## [Provided material]
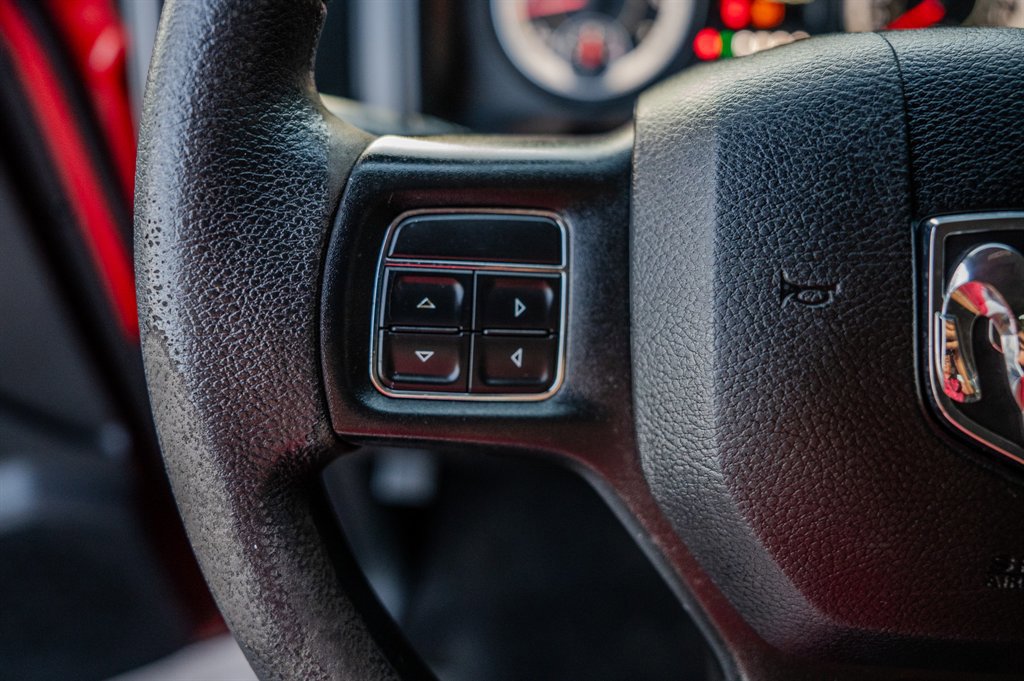 Used 2018 RAM 2500 Tradesman w/ Chrome Appearance Group image 16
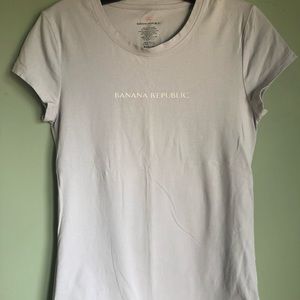 Banana Republic logo T shirt lavender size S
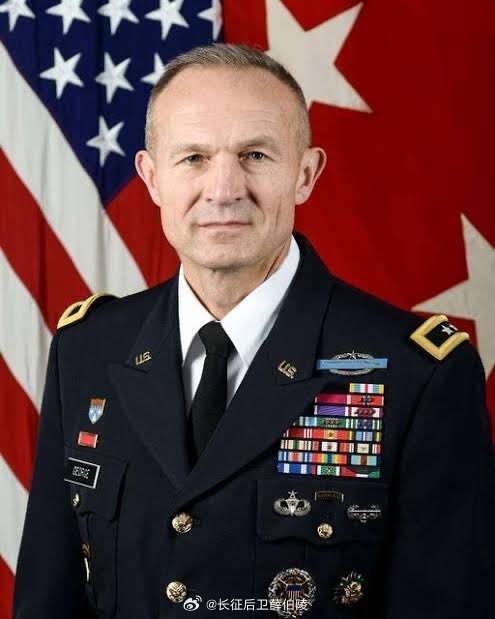 译文：突发新闻：你绝不会在战争进行得如火如荼之际，无缘无故地解雇你的陆军参谋长。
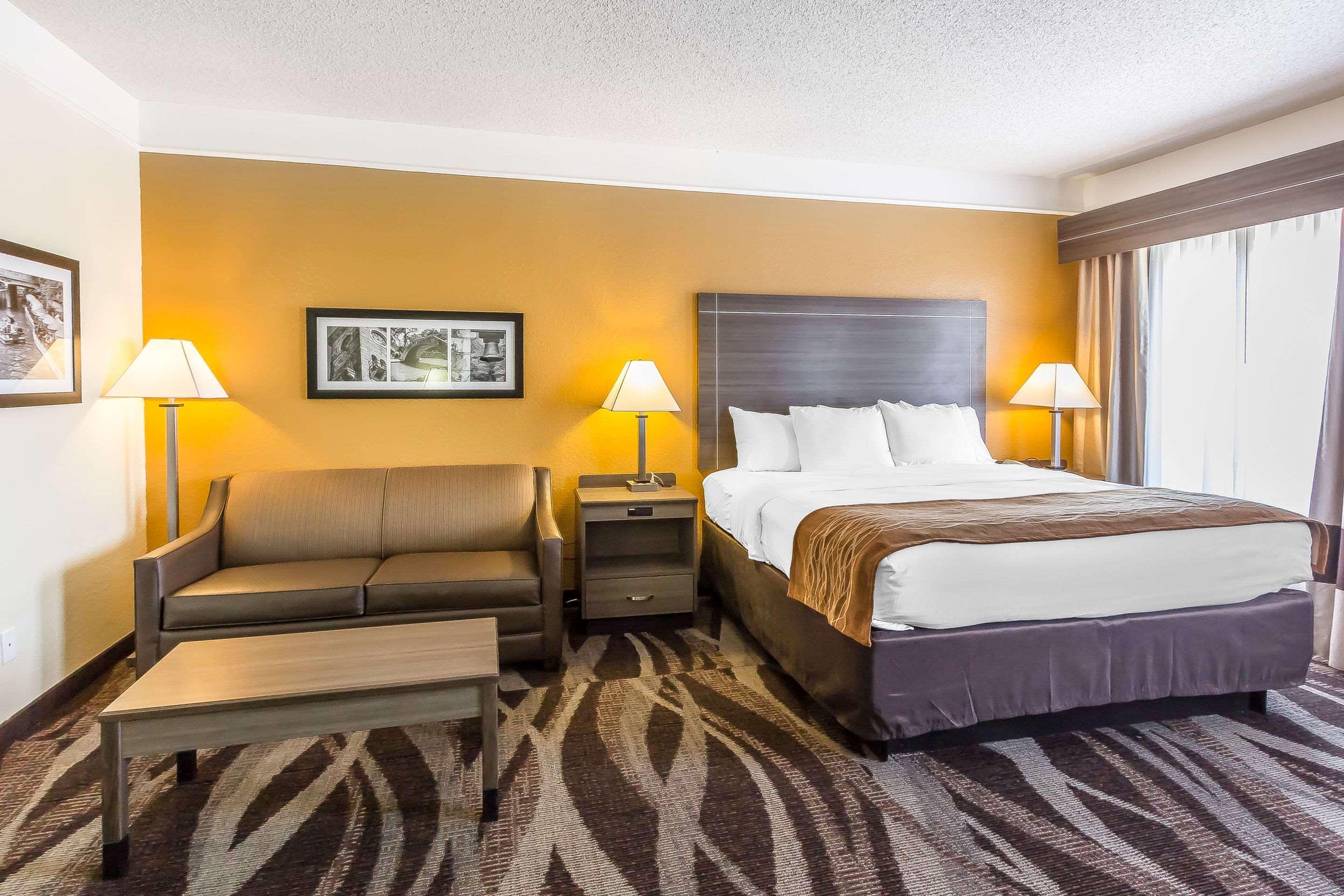 Comfort Near Frost Bank Center Inn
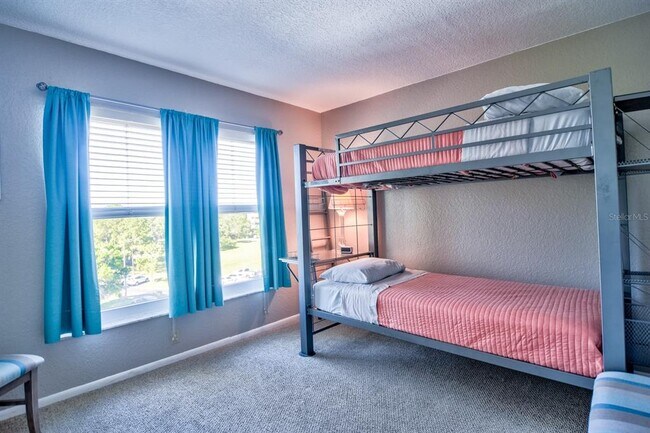 Building Photo - 900 Cove Cay Dr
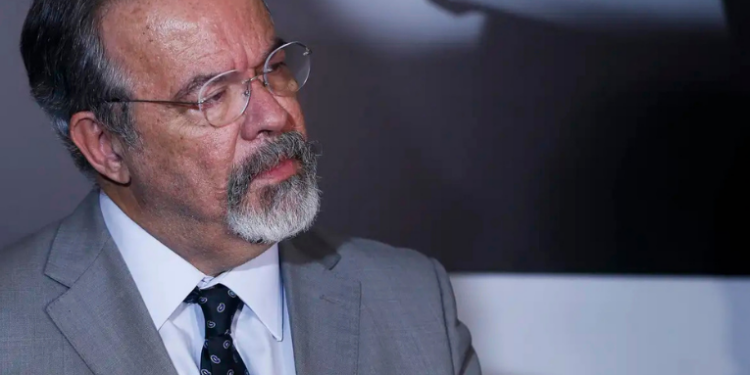 Raul Jungmann, ex-ministro de Defesa, Segurança Pública e Desenvolvimento Agrário, faleceu aos 73 anos em Brasília após lutar contra câncer de pâncreas. Velório será reservado.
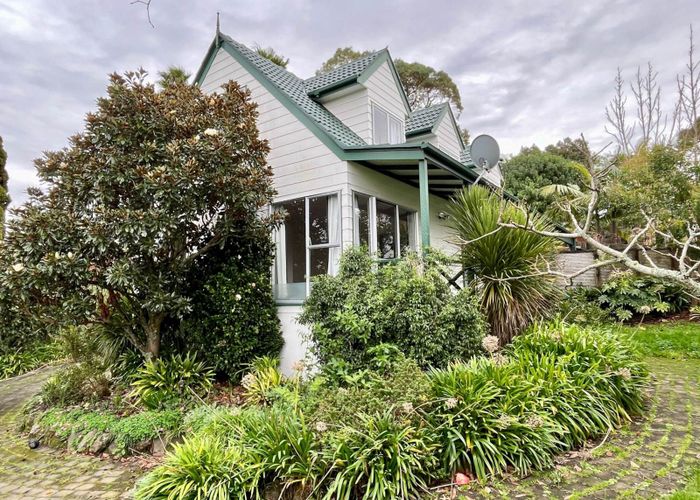  at 36 Nui Mana Place, Te Atatu South, Waitakere City, Auckland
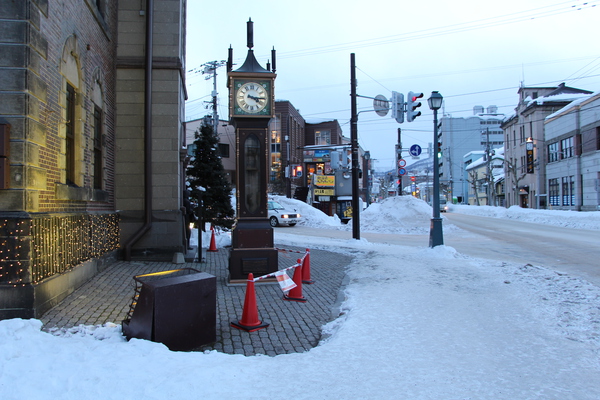 積雪の小樽 メルヘン通りの蒸気時計 癒し憩い画像データベース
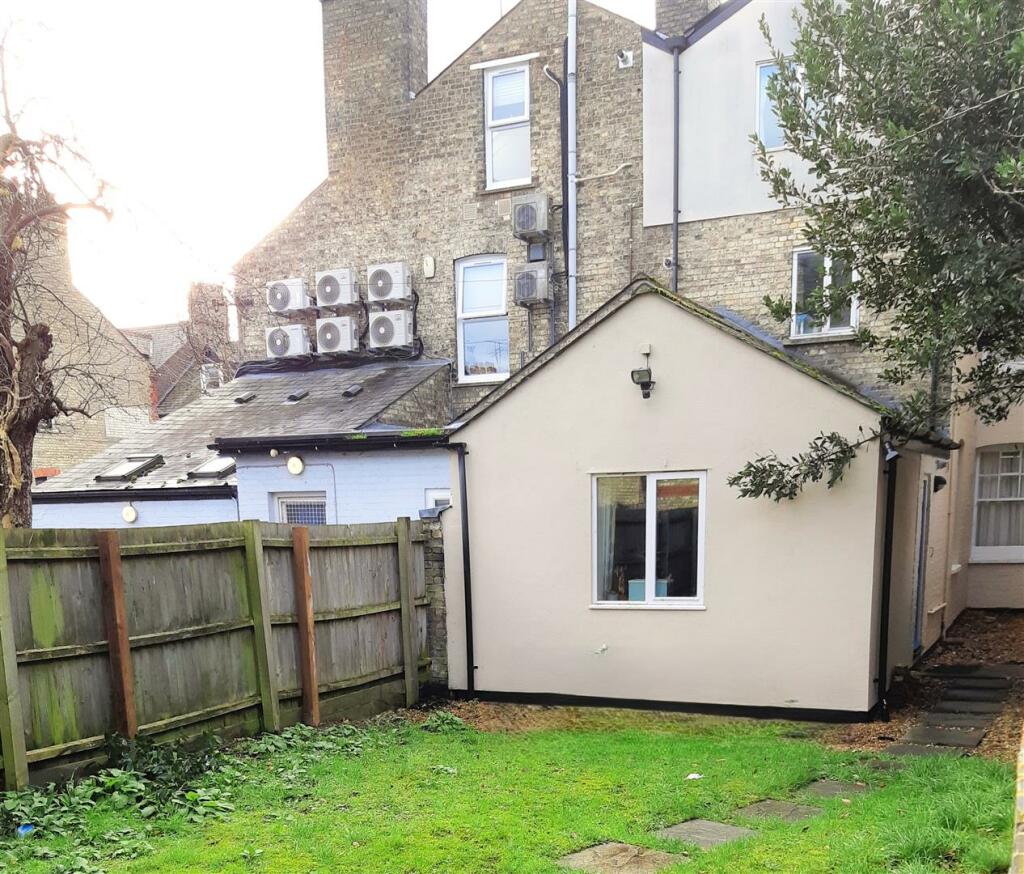 Additional image 9 of Flat 1, 23 Mill Road, Cambridge, CB1 2AB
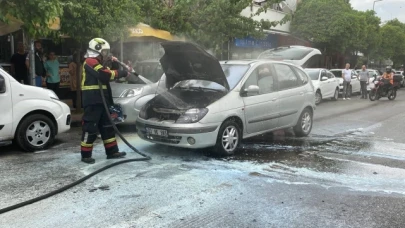 LPG'li otomobil alev aldı, itfaiyenin zamanında müdahalesi faciayı önledi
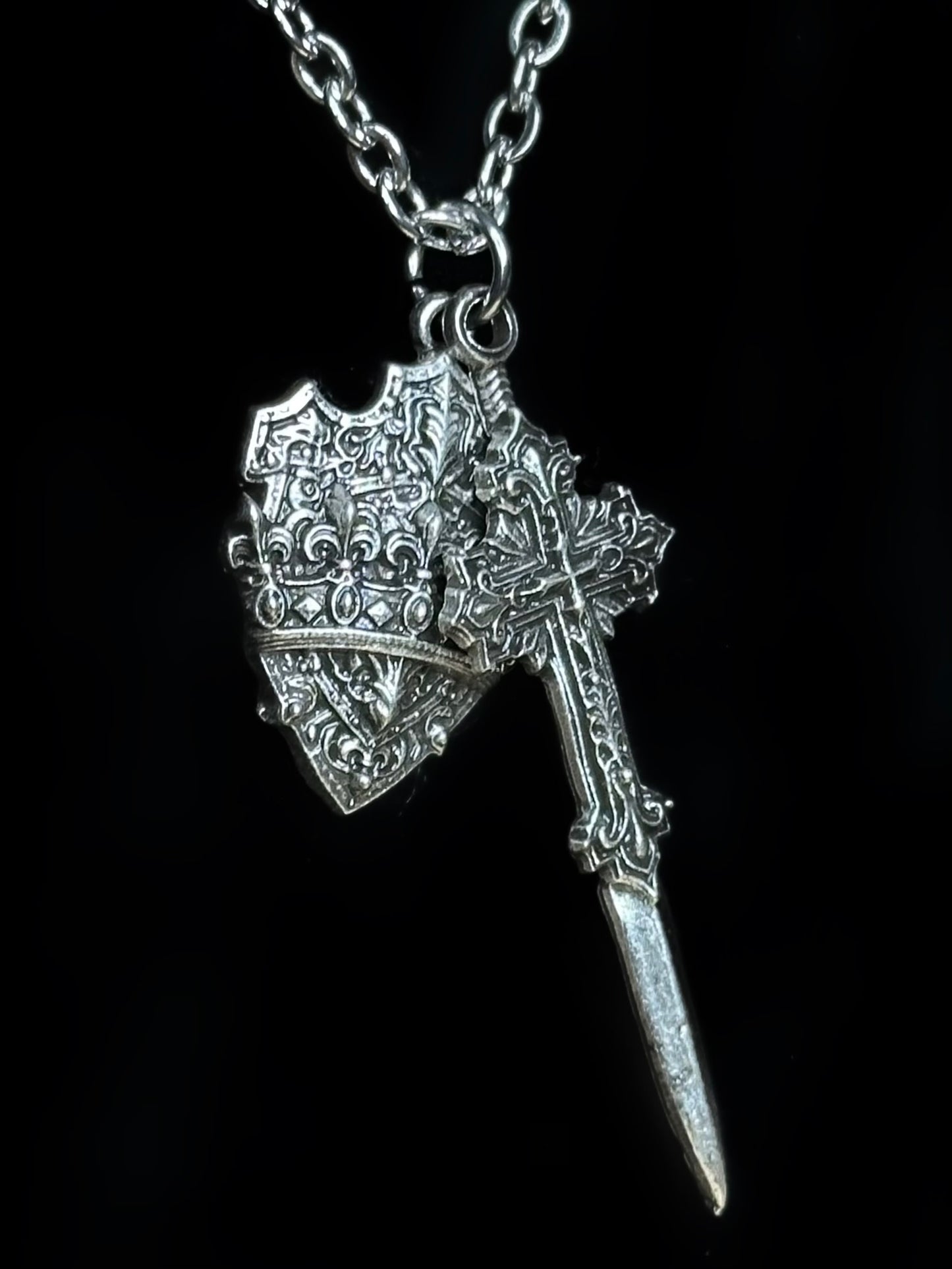 Shield & protect - Mother of Hades Cast Necklace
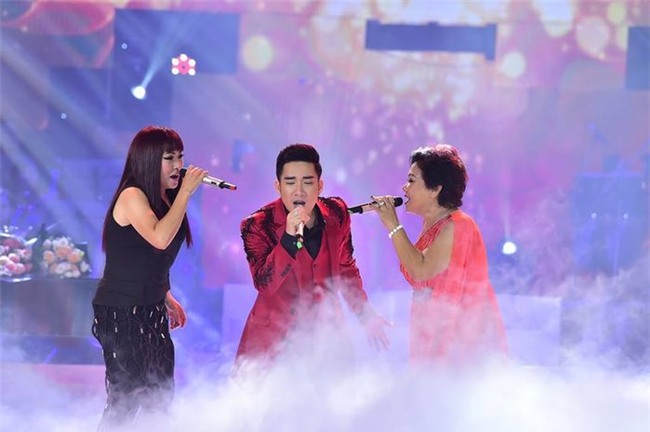 Cả ba đã có màn hòa giọng cực ăn ý khiến khán giả Thủ đô không thể rời mắt. - Tin sao Viet - Tin tuc sao Viet - Scandal sao Viet - Tin tuc cua Sao - Tin cua Sao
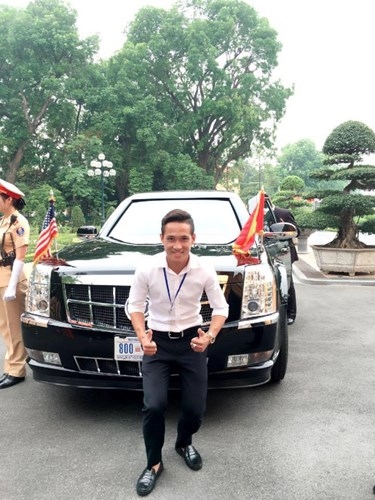 Danh tính chàng trai ‘tự sướng’ bên xe tháp tùng Tổng thống Obama - Ảnh 2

## [To do]
Retype the data in full. Images do not go in the copy.

## [Exercise output]
 Used 2018 RAM 2500 Tradesman w/ Chrome Appearance Group image 16
 Banana Republic logo T shirt lavender size S
 译文：突发新闻：你绝不会在战争进行得如火如荼之际，无缘无故地解雇你的陆军参谋长。
 Comfort Near Frost Bank Center Inn
 Building Photo - 900 Cove Cay Dr
 Raul Jungmann, ex-ministro de Defesa, Segurança Pública e Desenvolvimento Agrário, faleceu aos 73 anos em Brasília após lutar contra câncer de pâncreas. Velório será reservado.
  at 36 Nui Mana Place, Te Atatu South, Waitakere City, Auckland
 積雪の小樽 メルヘン通りの蒸気時計 癒し憩い画像データベース
 Additional image 9 of Flat 1, 23 Mill Road, Cambridge, CB1 2AB
 LPG'li otomobil alev aldı, itfaiyenin zamanında müdahalesi faciayı önledi
 Shield & protect - Mother of Hades Cast Necklace
 Cả ba đã có màn hòa giọng cực ăn ý khiến khán giả Thủ đô không thể rời mắt. - Tin sao Viet - Tin tuc sao Viet - Scandal sao Viet - Tin tuc cua Sao - Tin cua Sao
 Danh tính chàng trai ‘tự sướng’ bên xe tháp tùng Tổng thống Obama - Ảnh 2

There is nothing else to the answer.